Mujica praises Argentina/Uruguay common past; calls for an end to ‘ports’ war’
Uruguayan president Jose Mujica underlined the strong common links going back to the birth of Argentina and Uruguay and called for an end to the “ports’ war” (Montevideo vs Buenos Aires) a rivalry born when the two countries were provinces of the colonial Spanish empire.
“We must put an end to the ports’ war (with Argentina) and share a wide ranging integration ports’ policy” said Mujica addressing a forum of the River Uruguay watercourse hydro-way which gathered Uruguayan and Argentine elected city, county and provincial elected officials.
“It’s senseless to fight among ourselves because we must face huge (world) powers, international corporations working inside our countries and which have an annual turnover greater than some of the GDPs of the largest countries of the region”, he added.
Earlier in the day at Government House Mujica received the diplomatic credentials from the new Argentine ambassador Miguel Dante Dovena, a close advisor to the Kirchner family since the time former president Nestor Kirchner was mayor of Rio Gallegos, the jumping board that eventually took him to lead Argentina.
Following the ceremony Mujica and Dovena held a “long and very useful” private meeting. The arrival of the “super K” ambassador is part of the process to restore bilateral relations following the several years dispute over pulp mills which came to a workable understanding after presidents Mujica and Cristina Fernandez de Kirchner reached an “entente cordiale”.
Mujica’ s emphatic public comments praising Argentina follow on an interview with a Uruguayan weekly where he criticized the current economic policies of the Kirchner administration and adhered to a statement from a former Uruguayan president who said Argentines, “from A to Z are all crooks”.
He was also interviewed by a pro-Kirchner Argentine weekly (Looking to the South) and declared that his latest comments were taken “out of context” and insisted on praising the good aspects of the bilateral relation, particularly emphasizing on the need to end the “ports’ war”.

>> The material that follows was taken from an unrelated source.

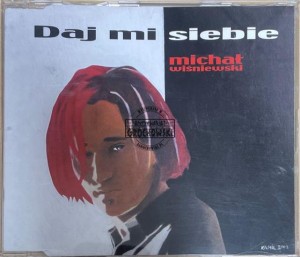 Michał Wiśniewski – Daj Mi Siebie CD (Single, Promo)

Ports rivalry from Spanish times responds to geography and history. Montevideo has better natural conditions to host and protect vessels while Buenos Aires needs constant dredging of canals. In Spanish times Montevideo was a naval stockade from where access to the River Plate and the main rivers leading to the heartland of South America were easily controlled.
However since Uruguay broke off, Argentina has tried to make Buenos Aires the leading port of the area with control over the River Plate, obviously downplaying Montevideo’s conditions.
“I trust Argentina, I’m a federal politically speaking. Argentina is a brotherly country, we were born from the same placenta and it’s the only place where Uruguayans feel at home”, added Mujica.
Argentina has a giant role to play, “it’s potentially a formidable country and therefore has a brutal responsibility: we are in the last farmland reserve of humanity. So they’ll be coming for us or we stand up to them. Those are the shared challenges we have ahead of us with Argentina”, said Mujica.